» **Problem details**:
From the line containing "Suppose the bill" to the line containing "So guys, I'm" in the records below, set down every line exactly as it stands, both ends included, and skip the pictures.

##### Source information

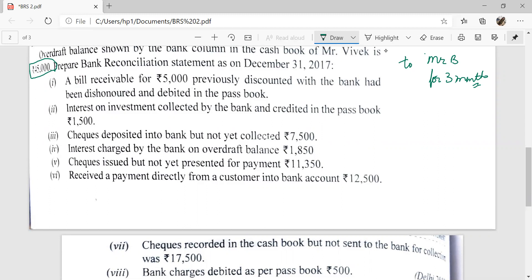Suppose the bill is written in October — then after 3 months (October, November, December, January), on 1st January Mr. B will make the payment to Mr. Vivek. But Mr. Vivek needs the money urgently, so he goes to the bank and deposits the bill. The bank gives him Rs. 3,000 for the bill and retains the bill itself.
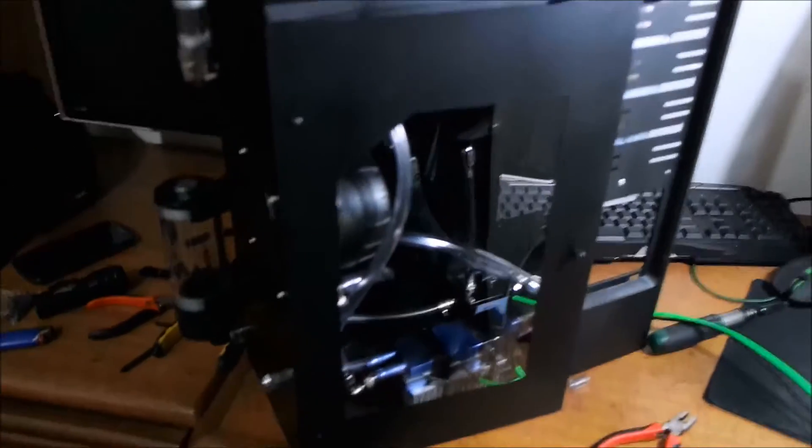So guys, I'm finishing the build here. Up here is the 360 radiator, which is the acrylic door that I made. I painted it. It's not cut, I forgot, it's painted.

##########
##### Source information

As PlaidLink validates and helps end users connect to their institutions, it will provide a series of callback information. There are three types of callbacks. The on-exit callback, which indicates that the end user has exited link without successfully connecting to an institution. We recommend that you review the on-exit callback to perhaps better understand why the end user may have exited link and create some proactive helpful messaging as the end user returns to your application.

##########
##### Source information

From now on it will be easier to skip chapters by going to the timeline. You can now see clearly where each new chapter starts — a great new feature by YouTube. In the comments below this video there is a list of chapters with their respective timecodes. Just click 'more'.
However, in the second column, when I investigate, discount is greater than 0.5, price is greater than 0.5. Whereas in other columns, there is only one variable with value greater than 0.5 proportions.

##########

» **Answer box**:
Suppose the bill is written in October — then after 3 months (October, November, December, January), on 1st January Mr. B will make the payment to Mr. Vivek. But Mr. Vivek needs the money urgently, so he goes to the bank and deposits the bill. The bank gives him Rs. 3,000 for the bill and retains the bill itself.
So guys, I'm finishing the build here. Up here is the 360 radiator, which is the acrylic door that I made. I painted it. It's not cut, I forgot, it's painted.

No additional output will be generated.